A few hours later we find ourselves at his house on the couch. We’re talking and he says, “I want to show you a magic trick. The cards are in my room.” Haa. I’m an adult. I know what this means. While it’s a lame attempt to get me in his room, I like him so I oblige. After going into his room I sit on his bed while he searches for the cards. He does a few magic tricks. I say I can show him a card trick and ask him to sit next to me. My magic trick fails and we laugh. Then we play Uno for an hour.

I have to catch the last train to the city so it’s time to go. Since it’s the fourth of July, a holiday, the last train stopped running an hour ago. I’m forced, haha, to stay at his house. I’m thinking, ok we can pick up where we left off. Go back to his room and do some more “magic tricks.” No. He puts me on the couch. 

I kept wondering if I did anything wrong. Then we spent the next two days jamming out at a beach music fest. Clearly he likes hanging out with me. Is there some place that guys like to sit between friends and significant other? Like we’re not even friends with benefits. I thought he was just a prude but we’ve talked about past relationships. It’s not like he’s inexperienced or anything. 

But really, if I’m good enough to be your best friend, aren’t I good enough to be a girlfriend?



They like me… When I’m gone.

There’s something about California that makes boys back home miss me. When ever I travel there, the boy that I am currently interested in thinks that he needs to talk to me the whole time whether it be through text, twitter, Facebook, or phone calls… This phenomenon started my senior year of high school. I was hanging out with a  guy back in my home state of Utah. My family decided to take a trip to San Diego. The whole time he kept texting me. Asking what I was doing, flirting, the usual. Now, we weren’t dating. We hadn’t even made out. We just liked each other but where both afraid of what to do about it. So it was a big deal that he started texting me nonstop while on this vacation. When I got home, he not only stopped texting me, he wanted to stop hanging out with me. He totally wrote me off. About 6 months later I moved to Chicago and never heard or saw him again.

Throughout college, I stayed away from boys. I was busy with my 18 credit hour semesters, and 2 part time jobs. When I graduated I was desperate for a boyfriend. I found myself hanging around this one guy that I met at my internship. He was also an intern. We hung out like 3 times a week. I thought I made it obvious that I was interested and he made it obvious too. One Saturday we met for brunch. (I mean, who goes to brunch with someone that’s not your best gal pal or your lover, am I right!?) The whole brunch he was absolutely charming. Like flirt level 10! Not kidding. On my way home we texted each other joking about the morning. I went to facebook this guy a link that we had talked about and noticed that he had defriended me. Ok. I know that this is super dramatic but you have to understand. This guy is the type of guy that defriending means something. So since I was still texting him I asked “Why aren’t we FB friends anymore?” He stopped texting me. 6 hours later (not an exaggeration. Literally 6 hours later) this asshole replied “I’m taking a data liberation.” WTF does that mean. I’ll tell you what it means. He cut off all contact from me. He quit the internship and avoided me at all costs.
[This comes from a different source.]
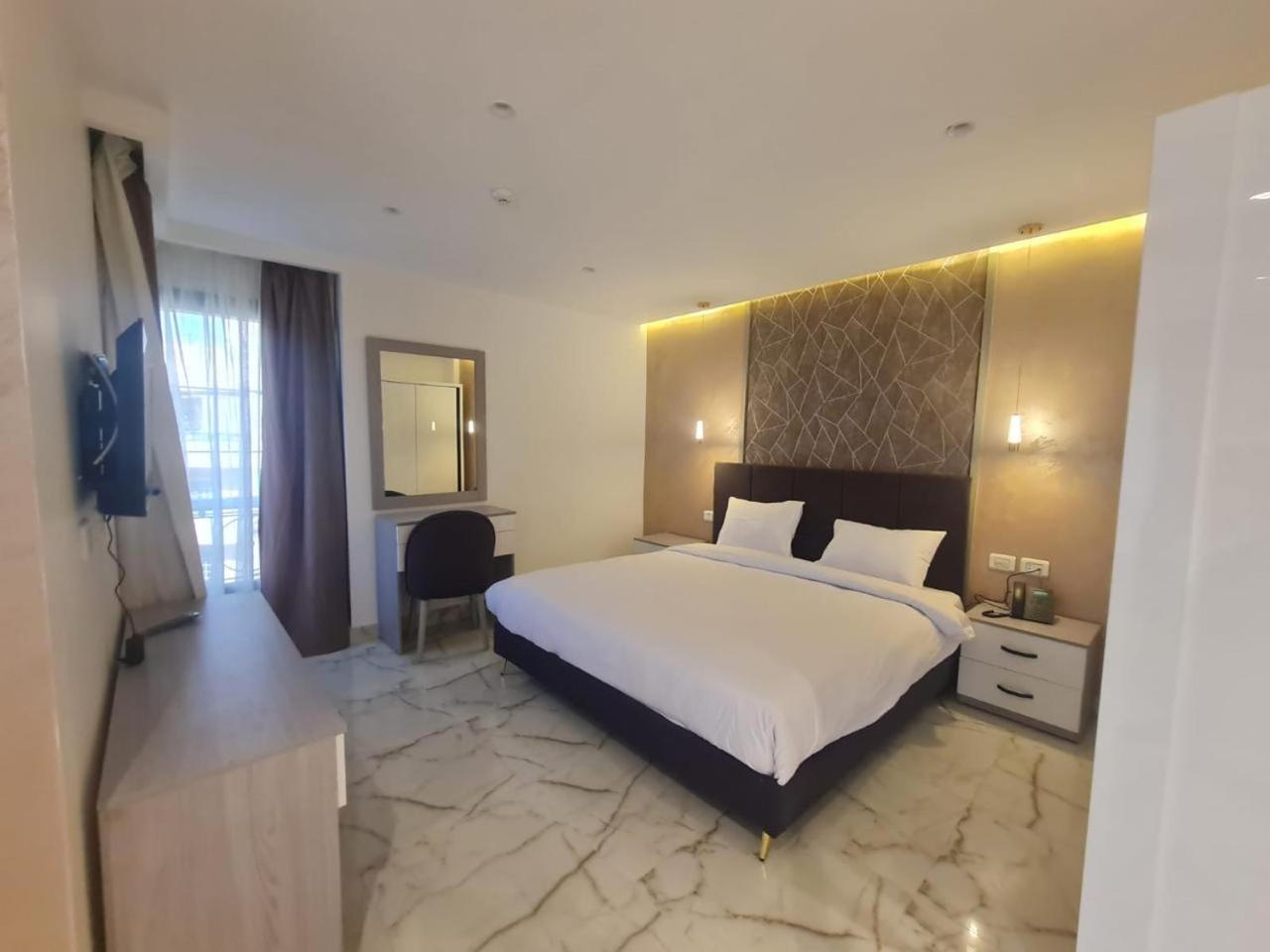 El Mesaadya Hotel Каир Экстерьер фото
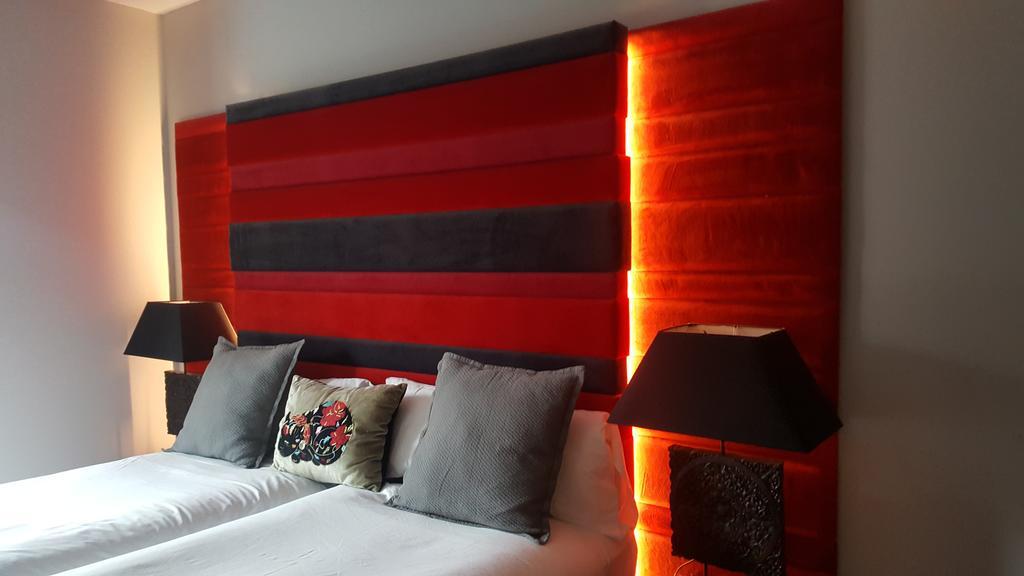 Apartamentos Art Suite Сантандер Экстерьер фото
Fast forward a year and a half later, I somehow let this asshole back into my life. I had deleted his phone number and apparently he had deleted mine. Therefore all our communication was done via email or twitter. Well one day we arrange to hang out at my house. He said “So, I got a new phone and lost your number. It would probably be good if you give it me again.” I called his bluff, “ You didn’t get a new phone. I deleted your number too.” So we hung a few times after that. We became really good friends.

About a month later I took a business trip to San Francisco. He starts texting me one night while I’m away. At 2am. Not anything creepy or flirtatious. Just, you know, trying to start a conversation. So I talked back. For the duration of the week, we kept this up. One night, while out with friends, we started flirtatiously texting. It was fun. The rest of the week it was this kind of texting. I was kind of getting excited thinking that this is where we had taken this friendship.

I think it’s a good time to point out that our “friendship” had always had a little bit of sexual tension one way or another. We we’re a little mean to each other but only in the way you’d be mean to a 2nd grade crush. I know, we’re children.

So I come home. We keep texting. The same way we had been while I was gone. He asks “So when are you coming home?” I tell him that I landed last night. He then asks when we’re going to hangout. He sets a date and asks if that’s ok. We’re hanging out on the 4th of July. I say sure.

So today is July 3rd. I get a text from him saying that he’s stuck in the burbs (because I live in the city and he lives in the suburbs) and that I should let him know what my plans are. So I ask if he’s stuck in the burbs tomorrow and won’t be able to come to the city. He says he’s not sure but he’ll let me know. Ok! I’m not about to be that girl who waits around her phone all day waiting for a guy to say that he’s not coming. That does not sound like the ideal way to celebrate independence day. So, I exercised a little bit of independence. I text “ Ok well, let me know you’re plans when you find out. If we’re not going to meet up I’d like to make other plans.” He replies, “yeah it’s probably best to just go ahead and make those other plans.”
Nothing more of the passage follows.